Content starts

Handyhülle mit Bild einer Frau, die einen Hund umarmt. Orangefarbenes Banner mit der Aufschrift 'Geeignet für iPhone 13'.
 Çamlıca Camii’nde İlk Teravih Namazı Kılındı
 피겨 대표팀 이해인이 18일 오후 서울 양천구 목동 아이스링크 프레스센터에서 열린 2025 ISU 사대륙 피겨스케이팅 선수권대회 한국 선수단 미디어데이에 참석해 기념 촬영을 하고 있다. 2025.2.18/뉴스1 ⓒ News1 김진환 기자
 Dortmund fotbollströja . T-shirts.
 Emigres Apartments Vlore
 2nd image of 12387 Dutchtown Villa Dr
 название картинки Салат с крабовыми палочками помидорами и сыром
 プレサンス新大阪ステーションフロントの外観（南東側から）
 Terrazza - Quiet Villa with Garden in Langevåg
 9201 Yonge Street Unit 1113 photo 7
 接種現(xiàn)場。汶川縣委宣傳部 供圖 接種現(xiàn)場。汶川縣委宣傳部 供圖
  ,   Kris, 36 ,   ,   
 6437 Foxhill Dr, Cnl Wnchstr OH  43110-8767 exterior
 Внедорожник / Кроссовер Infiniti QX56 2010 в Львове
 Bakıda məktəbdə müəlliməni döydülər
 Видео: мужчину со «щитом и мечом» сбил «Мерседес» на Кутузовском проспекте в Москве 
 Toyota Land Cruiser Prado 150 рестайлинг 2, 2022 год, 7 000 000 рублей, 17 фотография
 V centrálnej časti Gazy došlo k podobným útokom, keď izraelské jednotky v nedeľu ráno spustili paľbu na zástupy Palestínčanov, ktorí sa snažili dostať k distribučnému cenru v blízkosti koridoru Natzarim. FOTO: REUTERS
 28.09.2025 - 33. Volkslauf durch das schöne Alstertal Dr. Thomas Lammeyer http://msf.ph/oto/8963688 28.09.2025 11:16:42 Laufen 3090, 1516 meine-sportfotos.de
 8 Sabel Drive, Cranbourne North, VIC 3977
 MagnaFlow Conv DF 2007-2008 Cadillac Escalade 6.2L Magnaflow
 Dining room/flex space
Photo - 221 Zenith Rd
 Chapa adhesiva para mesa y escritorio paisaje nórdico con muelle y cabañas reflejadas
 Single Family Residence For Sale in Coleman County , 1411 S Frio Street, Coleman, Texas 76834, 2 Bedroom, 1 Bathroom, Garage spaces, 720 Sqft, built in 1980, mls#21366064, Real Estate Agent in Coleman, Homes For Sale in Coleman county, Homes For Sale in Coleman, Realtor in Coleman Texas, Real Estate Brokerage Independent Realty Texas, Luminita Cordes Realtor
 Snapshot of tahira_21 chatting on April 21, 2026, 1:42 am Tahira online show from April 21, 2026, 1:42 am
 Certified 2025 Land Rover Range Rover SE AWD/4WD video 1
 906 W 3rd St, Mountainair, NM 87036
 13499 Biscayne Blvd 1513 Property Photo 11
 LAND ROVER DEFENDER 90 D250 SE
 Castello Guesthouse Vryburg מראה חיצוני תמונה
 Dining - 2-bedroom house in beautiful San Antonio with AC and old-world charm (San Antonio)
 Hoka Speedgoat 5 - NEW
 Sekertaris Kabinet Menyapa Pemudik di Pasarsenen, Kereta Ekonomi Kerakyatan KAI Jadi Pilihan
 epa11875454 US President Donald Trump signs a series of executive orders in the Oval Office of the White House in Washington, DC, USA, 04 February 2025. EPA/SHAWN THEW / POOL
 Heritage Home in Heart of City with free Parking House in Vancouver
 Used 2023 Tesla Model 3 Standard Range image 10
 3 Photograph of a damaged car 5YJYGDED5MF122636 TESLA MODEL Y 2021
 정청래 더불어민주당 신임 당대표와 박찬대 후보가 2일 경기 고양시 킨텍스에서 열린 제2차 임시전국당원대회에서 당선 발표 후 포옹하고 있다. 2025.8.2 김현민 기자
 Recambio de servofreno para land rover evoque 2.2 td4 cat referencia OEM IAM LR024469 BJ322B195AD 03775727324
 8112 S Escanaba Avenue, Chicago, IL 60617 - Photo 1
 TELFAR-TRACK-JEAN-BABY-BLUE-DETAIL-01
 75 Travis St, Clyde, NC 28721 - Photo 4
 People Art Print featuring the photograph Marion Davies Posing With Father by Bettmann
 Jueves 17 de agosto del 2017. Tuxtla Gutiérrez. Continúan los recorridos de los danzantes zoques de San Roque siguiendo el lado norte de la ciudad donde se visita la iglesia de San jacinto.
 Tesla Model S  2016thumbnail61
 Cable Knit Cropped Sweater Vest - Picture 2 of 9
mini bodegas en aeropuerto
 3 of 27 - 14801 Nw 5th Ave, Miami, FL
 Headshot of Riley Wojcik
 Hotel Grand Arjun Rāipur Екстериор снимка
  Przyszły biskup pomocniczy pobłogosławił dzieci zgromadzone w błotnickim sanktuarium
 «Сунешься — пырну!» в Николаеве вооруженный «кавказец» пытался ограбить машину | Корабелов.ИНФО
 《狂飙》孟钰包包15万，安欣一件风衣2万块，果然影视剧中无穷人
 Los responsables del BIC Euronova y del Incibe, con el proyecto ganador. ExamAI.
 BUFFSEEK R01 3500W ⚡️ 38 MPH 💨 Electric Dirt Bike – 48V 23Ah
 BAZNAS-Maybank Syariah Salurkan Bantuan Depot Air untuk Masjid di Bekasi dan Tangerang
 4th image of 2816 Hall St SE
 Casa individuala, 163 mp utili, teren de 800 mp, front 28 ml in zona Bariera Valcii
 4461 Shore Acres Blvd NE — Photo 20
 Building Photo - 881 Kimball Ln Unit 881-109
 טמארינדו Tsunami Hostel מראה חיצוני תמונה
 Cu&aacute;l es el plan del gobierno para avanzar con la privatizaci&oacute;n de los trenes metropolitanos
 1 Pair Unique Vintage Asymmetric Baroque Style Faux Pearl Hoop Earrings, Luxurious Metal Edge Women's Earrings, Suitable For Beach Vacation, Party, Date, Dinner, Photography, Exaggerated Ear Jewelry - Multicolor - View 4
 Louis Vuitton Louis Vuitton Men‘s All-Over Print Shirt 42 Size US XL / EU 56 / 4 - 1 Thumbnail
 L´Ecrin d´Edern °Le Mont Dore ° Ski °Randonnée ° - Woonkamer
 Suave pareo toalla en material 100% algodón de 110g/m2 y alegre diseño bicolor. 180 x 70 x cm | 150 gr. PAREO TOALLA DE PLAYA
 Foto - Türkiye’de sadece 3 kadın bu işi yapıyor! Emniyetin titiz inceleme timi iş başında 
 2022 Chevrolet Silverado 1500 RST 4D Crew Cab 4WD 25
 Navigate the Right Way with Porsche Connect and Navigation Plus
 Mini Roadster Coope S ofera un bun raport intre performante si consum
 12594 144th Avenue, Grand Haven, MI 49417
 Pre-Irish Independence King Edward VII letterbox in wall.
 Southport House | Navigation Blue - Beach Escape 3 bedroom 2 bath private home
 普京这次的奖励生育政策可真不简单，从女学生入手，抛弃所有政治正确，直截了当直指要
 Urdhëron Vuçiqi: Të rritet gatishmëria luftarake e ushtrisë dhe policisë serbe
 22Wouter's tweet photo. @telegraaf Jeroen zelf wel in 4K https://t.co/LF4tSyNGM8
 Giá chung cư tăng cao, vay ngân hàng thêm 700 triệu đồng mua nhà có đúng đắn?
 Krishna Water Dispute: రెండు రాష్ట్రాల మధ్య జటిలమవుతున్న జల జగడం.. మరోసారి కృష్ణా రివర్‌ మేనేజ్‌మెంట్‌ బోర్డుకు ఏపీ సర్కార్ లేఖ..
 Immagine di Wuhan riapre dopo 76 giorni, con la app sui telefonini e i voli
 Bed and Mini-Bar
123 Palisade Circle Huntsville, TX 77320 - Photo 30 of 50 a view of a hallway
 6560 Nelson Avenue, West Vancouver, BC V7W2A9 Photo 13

Content ends

Copy out each line of the data that has the word "image" in it.

-- Response for this exercise --
 2nd image of 12387 Dutchtown Villa Dr
 Used 2023 Tesla Model 3 Standard Range image 10
 4th image of 2816 Hall St SE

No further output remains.